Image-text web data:
▼▼▼
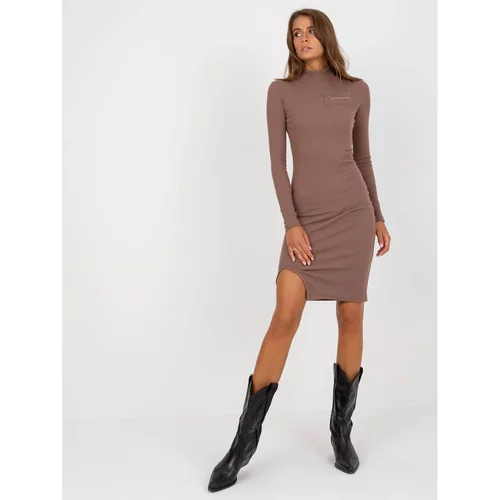 Fashion Hunters Basic brown ribbed dress for women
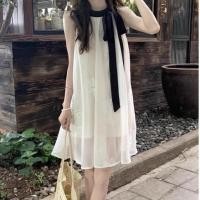 ราคา ♥︎ DRESS KOREA STYLE ชุดเดรสสไตล์เกาหลี เดรสยาวสีครีม แต่งลูกไม้ปักลายดอก ช่วงคอผูกโบว์ ทรงพลิ้ว (29709491794)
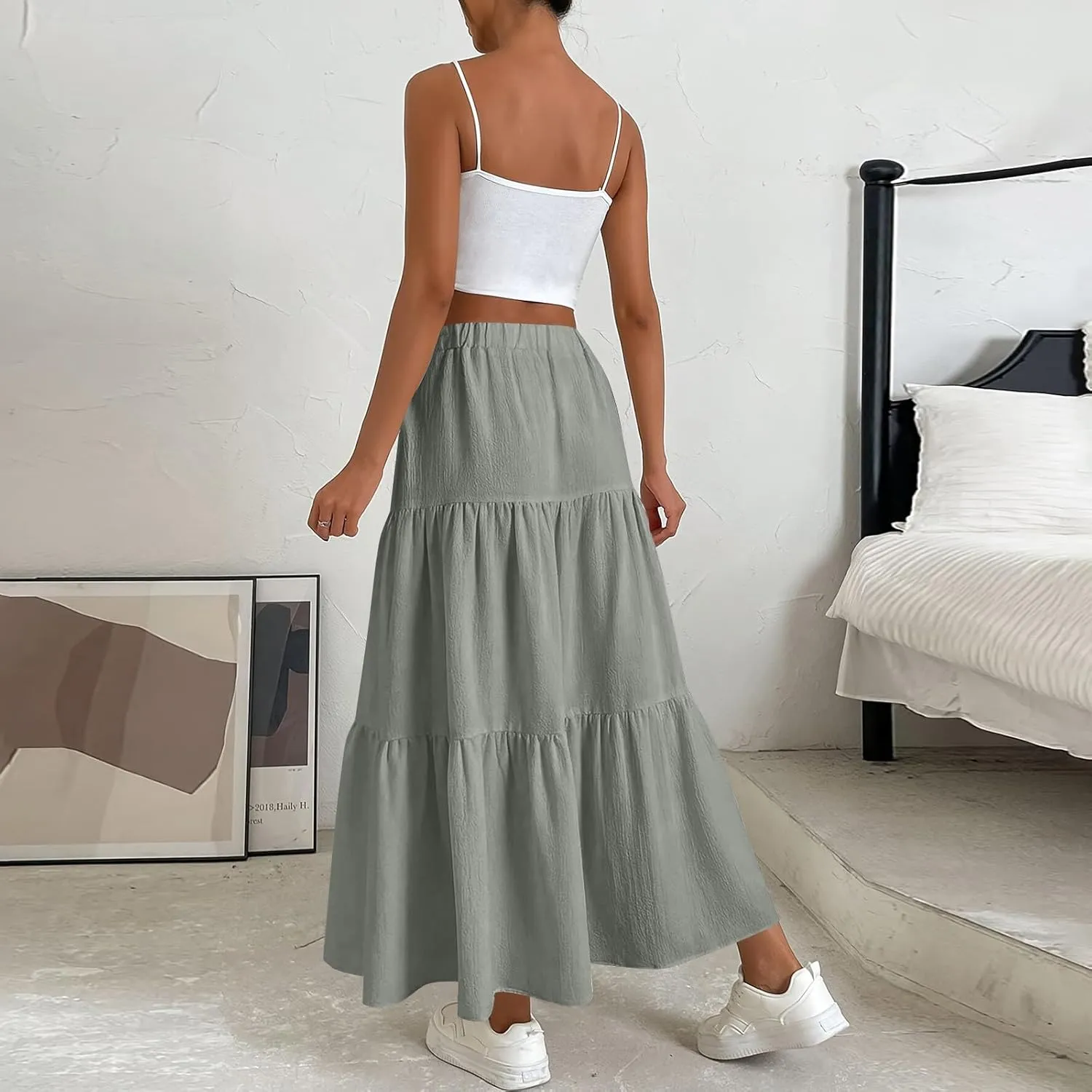 Flowy Maxi Skirts for Women Summer Layered Tiered High Waisted Skirt Ruffle A-Line Skirts Casual Long Flowy Skirts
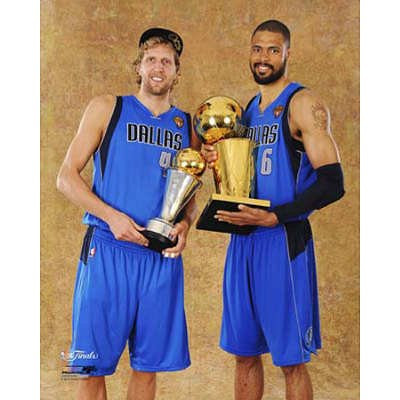 Dallas Mavericks - Tyson Chandler  and  Dirk Nowitzki with the MVP  and  Championship Trophies Glossy Photograph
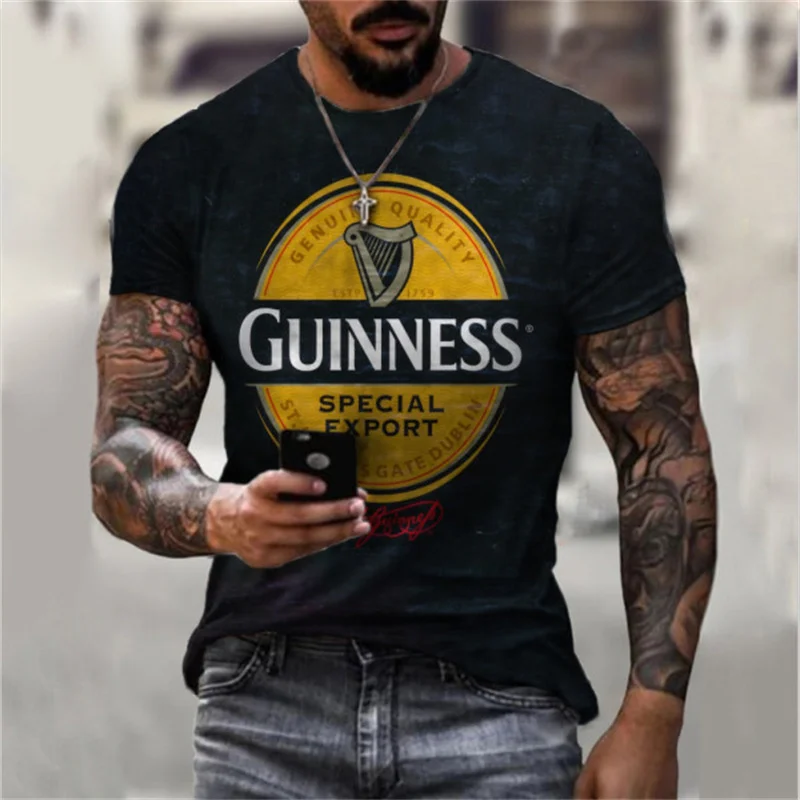 

2022 Summer Men's Casual Fashion Guinness T-shirt Crew Neck Cool Lightweight Slim Muscular Men's T-shirt Fitness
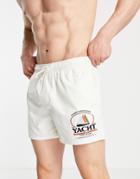 Asos Design Swim Shorts With Yacht Club Print In Short Length-white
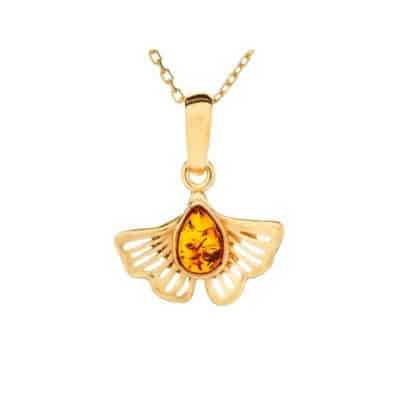 Pendentif ambre argent doré ginkgo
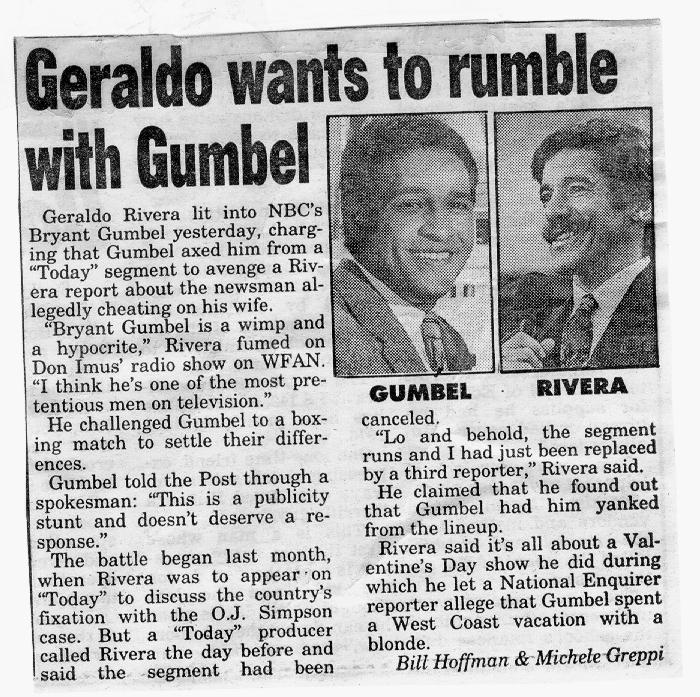 Bryant Gumbel vs. Geraldo Rivera (1996)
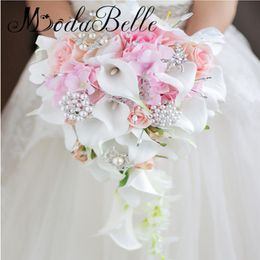 Modabelle Cascade Style lys calla Bouquets De Mariage Fleurs perles papillon bouquet de mariée blanc rose accessoires de mariage287V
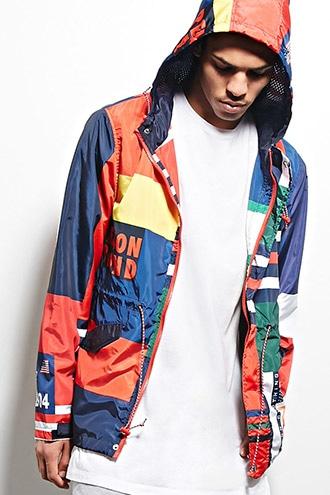 Forever21 Reason Hooded Logo Windbreaker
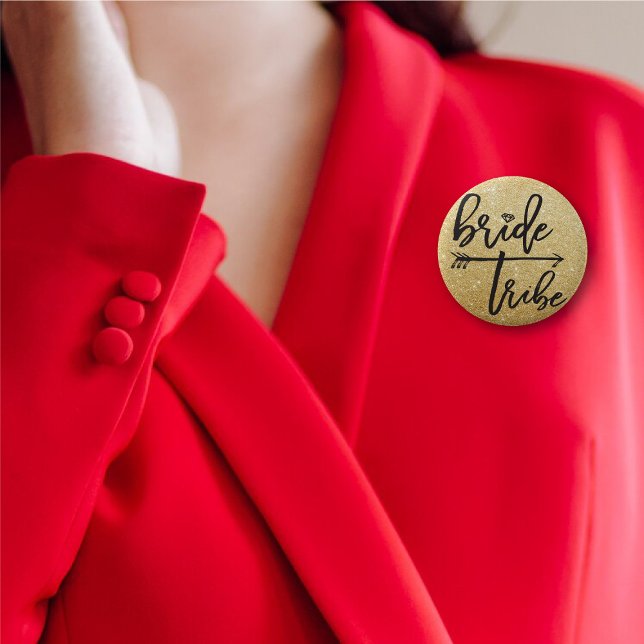 Bride Tribe Diamond Guld Brudens sida Bröllop Knapp (BRIDE TRIBE Diamond Brush Script Gold Glitter Bridal Party Wedding Pin Button @ fatfatin_blue_knot)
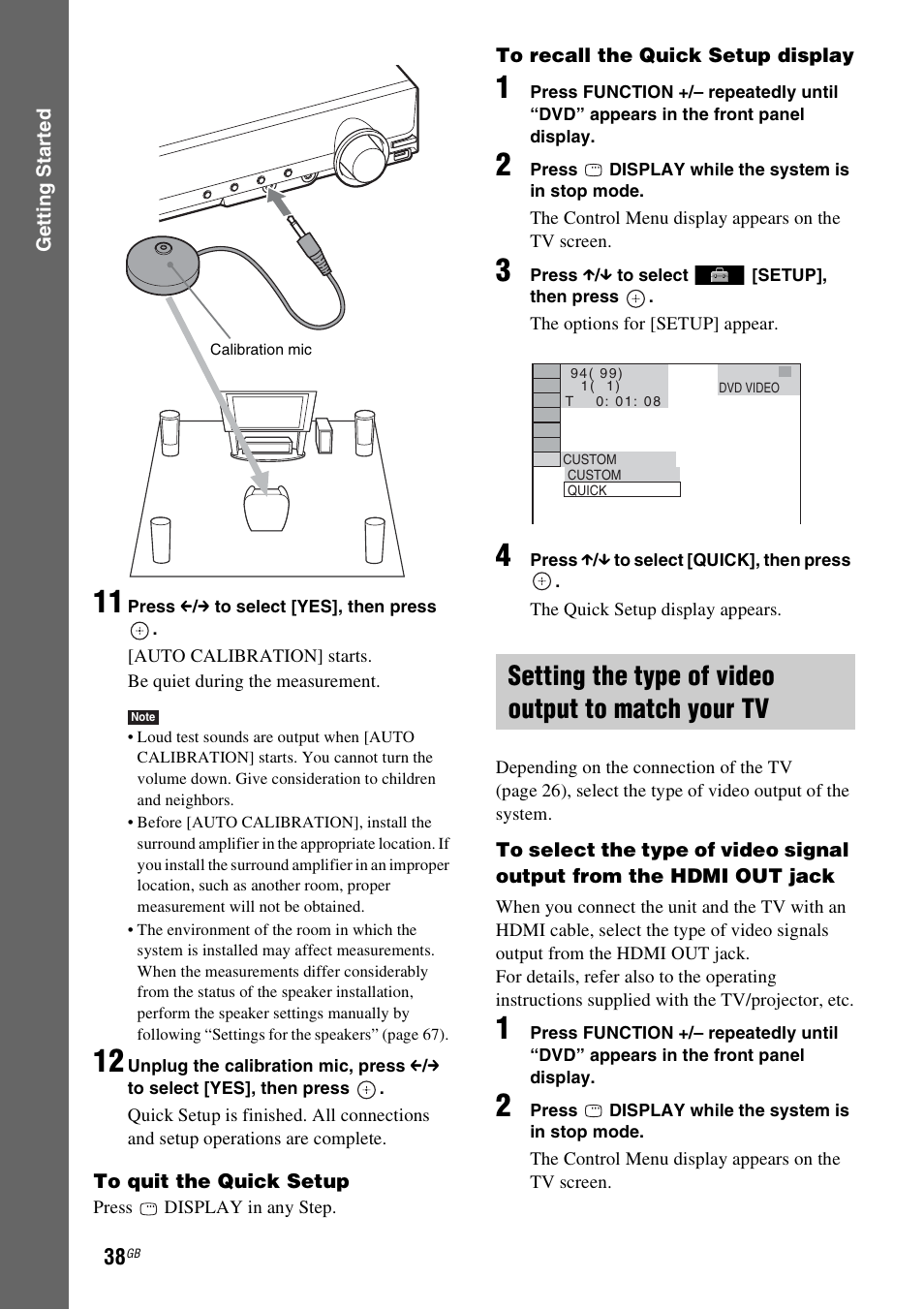 Setting the type of video output to match your tv | Sony DAV-DZ380W User Manual | Page 38 / 136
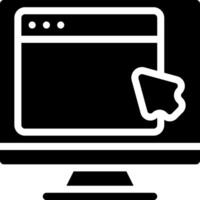 A computer monitor with a mouse and a cursor vector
▲▲▲
[Required work] With all pictures excluded, output exactly the lines from the one containing "ราคา ♥︎ DRESS" through the final line of the entries, inclusive.

[Response for this exercise]
 ราคา ♥︎ DRESS KOREA STYLE ชุดเดรสสไตล์เกาหลี เดรสยาวสีครีม แต่งลูกไม้ปักลายดอก ช่วงคอผูกโบว์ ทรงพลิ้ว (29709491794)
 Flowy Maxi Skirts for Women Summer Layered Tiered High Waisted Skirt Ruffle A-Line Skirts Casual Long Flowy Skirts
 Dallas Mavericks - Tyson Chandler  and  Dirk Nowitzki with the MVP  and  Championship Trophies Glossy Photograph

2022 Summer Men's Casual Fashion Guinness T-shirt Crew Neck Cool Lightweight Slim Muscular Men's T-shirt Fitness
 Asos Design Swim Shorts With Yacht Club Print In Short Length-white
 Pendentif ambre argent doré ginkgo
 Bryant Gumbel vs. Geraldo Rivera (1996)
 Modabelle Cascade Style lys calla Bouquets De Mariage Fleurs perles papillon bouquet de mariée blanc rose accessoires de mariage287V
 Forever21 Reason Hooded Logo Windbreaker
 Bride Tribe Diamond Guld Brudens sida Bröllop Knapp (BRIDE TRIBE Diamond Brush Script Gold Glitter Bridal Party Wedding Pin Button @ fatfatin_blue_knot)
 Setting the type of video output to match your tv | Sony DAV-DZ380W User Manual | Page 38 / 136
 A computer monitor with a mouse and a cursor vector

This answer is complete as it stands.